July 22, 2021
The Debate on “Right to Repair”: A Primer
President Biden’s recent executive order on competition restarted a debate over whether technology companies and other manufacturers should be able to restrict who can repair their products. While rural residents and entrepreneurs would benefit from an expanded “right to repair,” manufacturers have valid concerns surrounding data privacy, intellectual property, and brand integrity, contends AAF’s Technology & Innovation Policy Analyst Juan Londoño. More moderate solutions to this problem, such as pursuing broader licensing by manufacturers, could be a better approach that benefits consumers while addressing the concerns of manufacturers.

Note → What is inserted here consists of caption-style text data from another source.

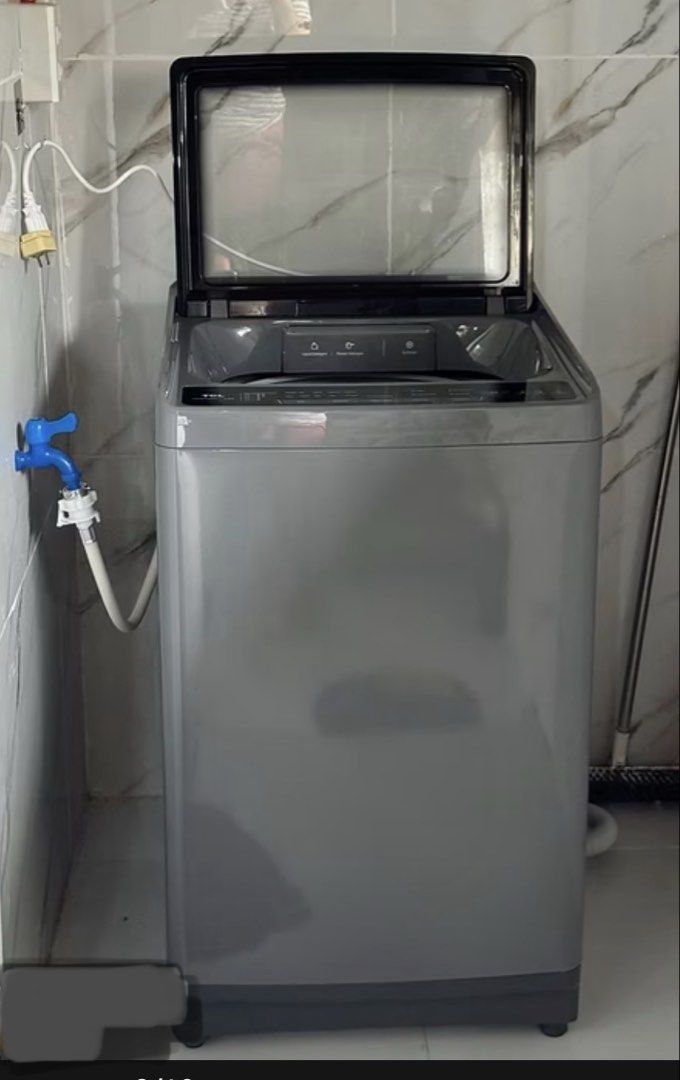 TCL INVERTER Top Load washing machine (Category: Washing Machines and Dryers) located in Quezon City. Submitted by declutter.er04 (Listing ID 1466313369, Image 1). Description: Need to dispose in order upgrade to a bigger unit. .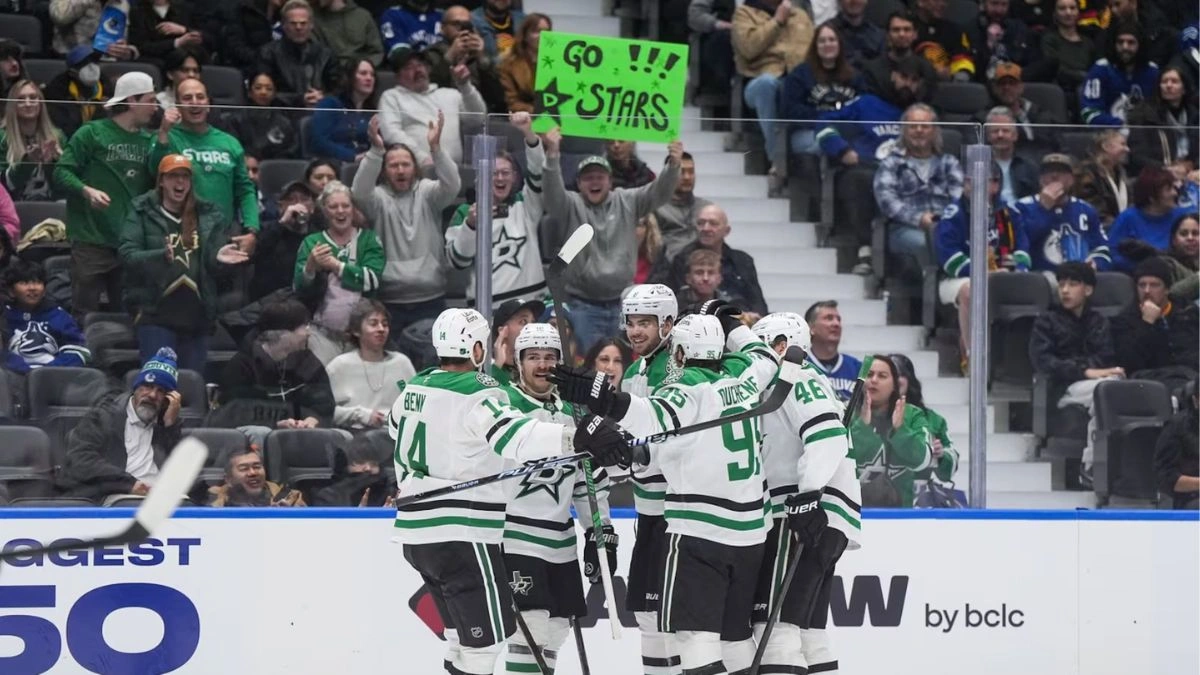 Stars Win Ninth Straight in Blowout Over Canucks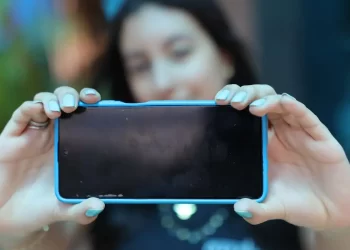 Cai de 51% para 37% uso de internet nas escolas por adolescentes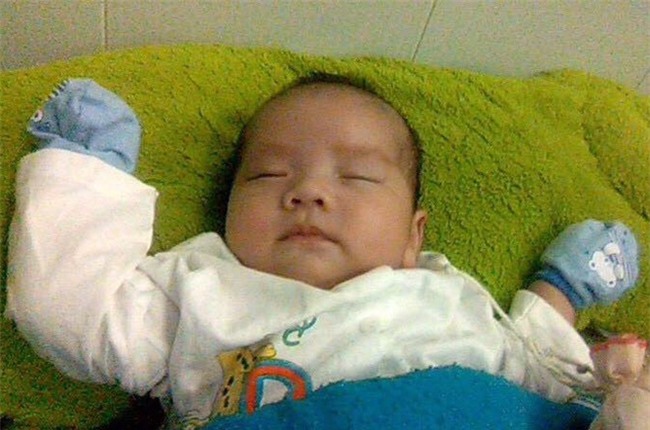 Vụ hai anh em nghi bị bỏ rơi ở Thủ Đức: Mẹ lấy 5 triệu đồng của người xin con nuôi rồi bỏ đi? - Ảnh 6.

Strengthening the offering of repair services benefits users by reducing the costs of repairing electronics and other essential goods such as tractors. But the implementation of a right to repair mandate is not as simple as it may seem, as it can also negatively impact both consumers and manufacturers. Promoting independent repair services must also come with safeguards that protect the intellectual property rights of manufacturers and the safety of consumers. Alternatives such as an expansion or implementation of a certification or licensing program provided by manufacturers could solve most of these concerns. Advancing right to repair ought to examine cases of success such as the car repair market, where ultimately manufacturers and repair shops worked together to create a standard where consumers, repair shops, and manufacturers all benefit.